Code review aims to boost trust in big business

Carillion sign

Carillion’s failure marked a new watershed in public opinion of big business (pic: Terry Murden)


 

New moves to control the behaviour of company boards and improve public trust in big business are published today.

A review of corporate governance code by the accountancy watchdog, the Financial Reporting Council, will ban senior executives from selling shares awards for five years and encourage firms to improve how they engage with staff.

The code is not mandatory, but any listed UK firm opting out would need to explain to investors why it had decided not to comply.
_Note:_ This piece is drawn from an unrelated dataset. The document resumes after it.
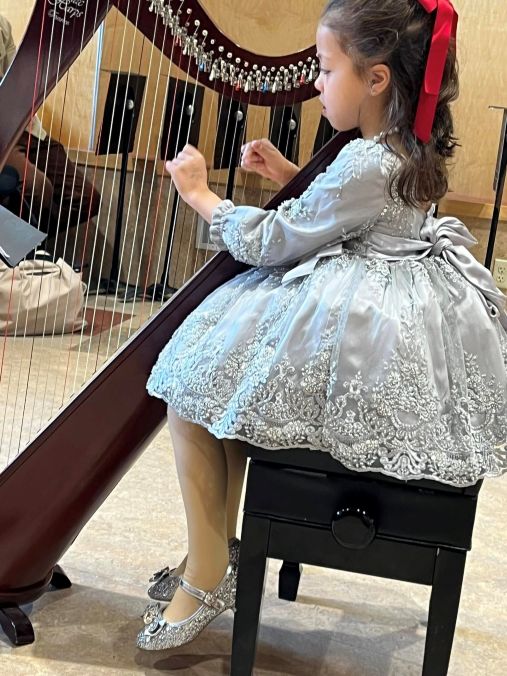 A young performer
It follows a number of shareholder rebellions over excess pay awards and big ticket corporate failures such as the collapse of construction firm Carillion. The former finance director of Carillion, Richard Adam, sold shares soon after leaving the firm.

The FRC said the latest update to the 26-year-old code was more fundamental than previous updates and for the first time includes guidance on how a company engages with its staff.
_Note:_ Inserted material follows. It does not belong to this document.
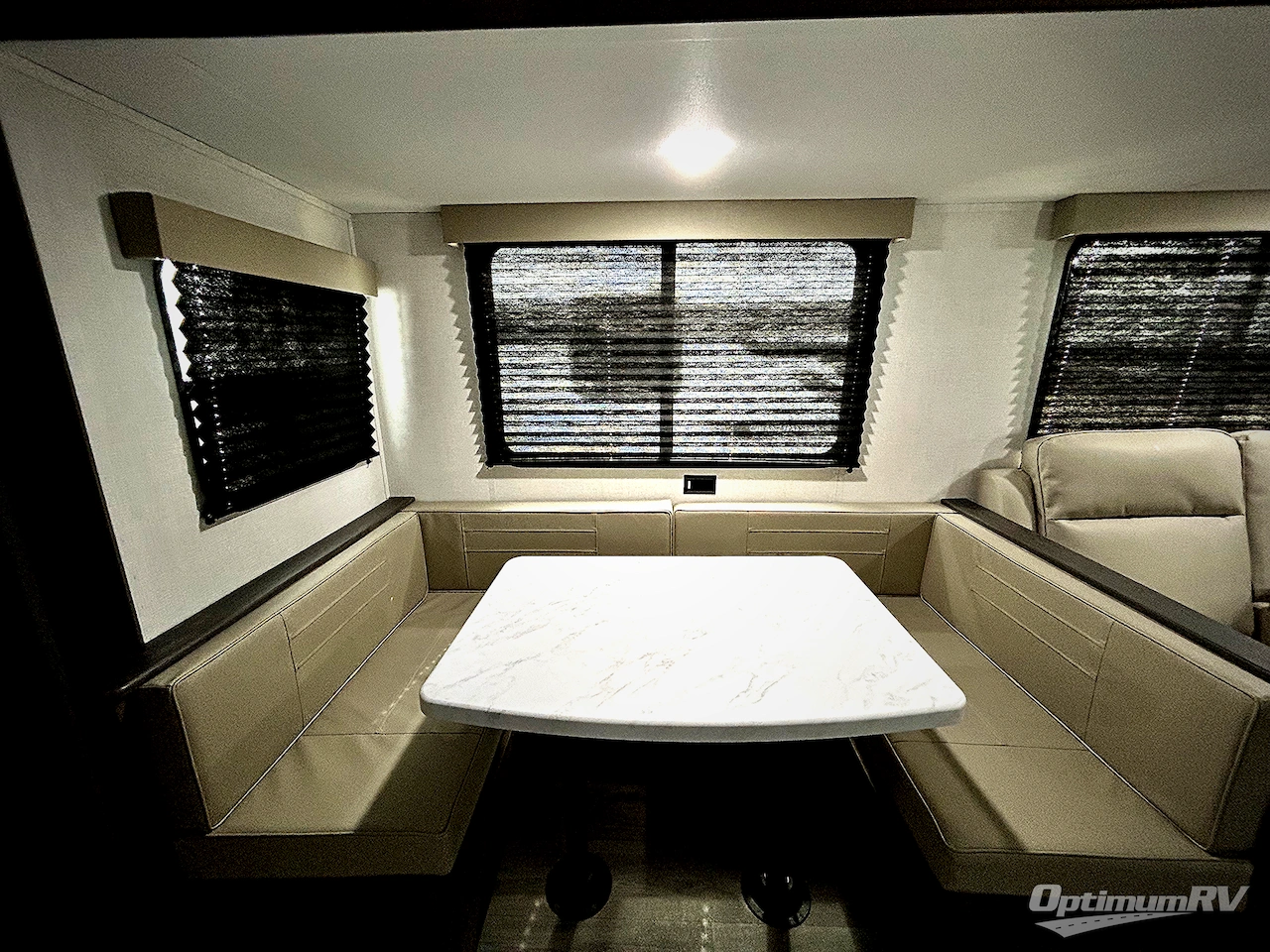 2025 Grand Design Transcend 335BHT Photo 7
Firms are expected to either appoint a worker to their boards, nominate a non-executive director responsible for representing staff or create a separate employee advisory council.

Executives will now be expected to hold onto share awards – given as part of long term incentive plans – for five years, rather than the current three years.
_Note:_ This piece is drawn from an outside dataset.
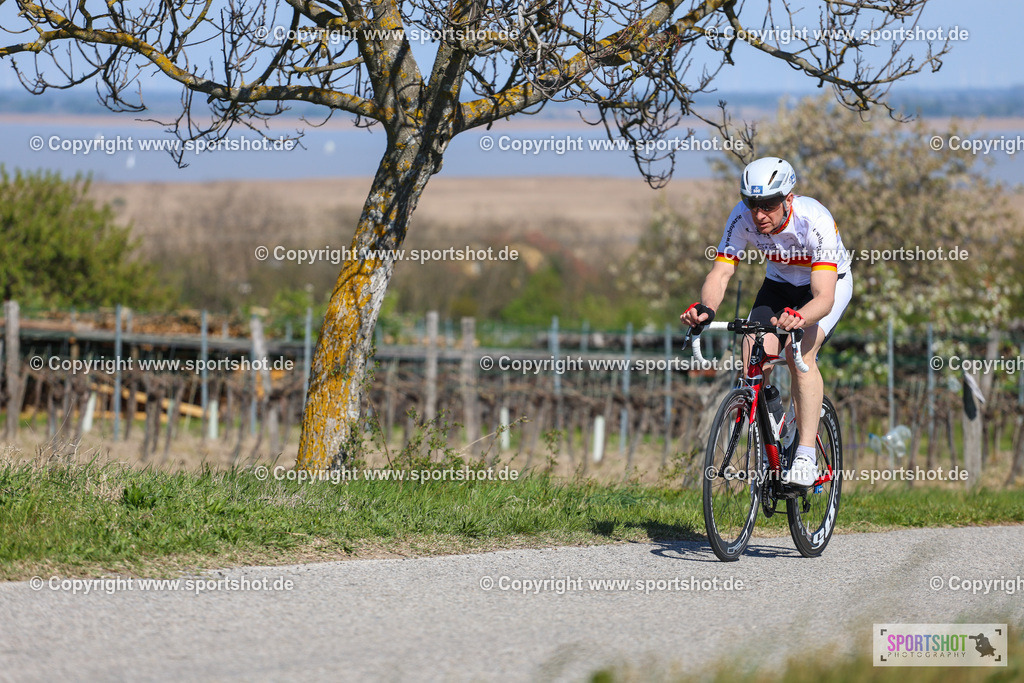 IMG_9882 | @sportshot_your_pictrs #yourpictures#roadtowm2029 #nrm #neusiedlerseeradmarathon #neusiedlersee #neusiedlerseetourismus #burgenland #mörbisch #nrm26 #burgenlandtourismus #voglundco #poweredbyburgenlandtourismus #radsport #rad #marathon #ucigranfondo #visitburgenland #ucigranfondoworldseries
The FRC says remuneration schemes should also include provisions that would enable the company to recover and/or withhold sums or share awards and specify the circumstances in which it would be appropriate to do so.

To address public concern over executive remuneration, the new Code emphasises that “remuneration committees should take into account workforce remuneration and related policies when setting director remuneration”.

It adds: “Importantly formulaic calculations of performance-related pay should be rejected. Remuneration committees should apply discretion when the resulting outcome is not justified.




Other changes affect how firms respond to shareholder protests. When companies face a vote of 20% or more against a proposal, they will have to explain how they will consult with shareholders about the protest.

Sir Win Bischoff, chairman of the FRC, said: “Corporate governance in the UK is globally respected and is a framework trusted by investors when deciding where to allocate capital. To make sure the UK moves with the times, the new Code considers economic and social issues and will help to guide the long-term success of UK businesses.

“This new Code, in its new shorter and sharper form, and with its overarching theme of trust, is paramount in promoting transparency and integrity in business for society as a whole.”

The code will apply from the beginning of next year. A separate corporate governance code will apply to large privately-held firms.

TUC General Secretary Frances O’Grady said the changes were welcome, but did not fulfil the pledges made by Theresa May when she became Prime Minister. 

“These reforms are a step in the right direction,” said Ms O’Grady. “But they are not the shake-up of corporate Britain Theresa May promised and the country needs. 

“While it’s good this new code recognises the importance of workforce engagement, the real test is whether companies give workers more of a say in how they are run.

“The government should have stuck to its commitment to make workers on boards mandatory.”